A tiny JavaScript debugging utility that works in Node.js and browsers. Use environment variables to control logging, so there are no ridiculous console log statements in production.

This is based on debug. It's been rewritten to use contemporary JS.

Featuring:

  • Use exports field in package.json to choose node JS or browser version
  • ESM only

Plus, see the docs generated by typescript.

install

npm i -D @bicycle-codes/debug

Use this with vite in the browser or in node.


example

browser

This is ergonomic with the vite bundler.
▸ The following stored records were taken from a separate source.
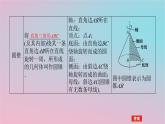 2024版新教材高中数学第四章立体几何初步4.1空间的几何体4.1.1几类简单几何体2课件湘教版必修第二册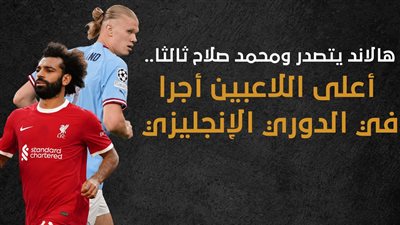 هالاند يتصدر ومحمد صلاح ثالثا.. أعلى اللاعبين أجرا في الدوري الإنجليزي (إنفوجراف)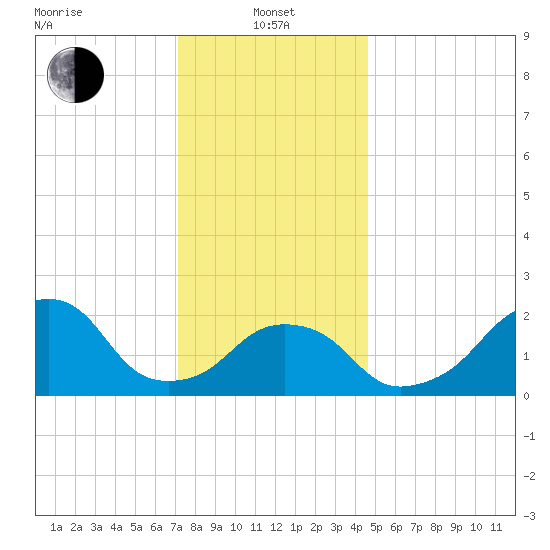 Montauk Point Light tide chart for Saturday, January 10, 2026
This module will look for an env variable prefixed with VITE_:

VITE_DEBUG=fooo

If you initialize this without a namespace, then it checks import.meta.env.DEV:

import Debug from '@bicycle-codes/debug'
const debug = Debug()
debug('debug works')   // check if `import.meta.env.DEV`

a third config option

You can pass in an env variable of VITE_DEBUG_MODE, and then debug will check for that mode in vite.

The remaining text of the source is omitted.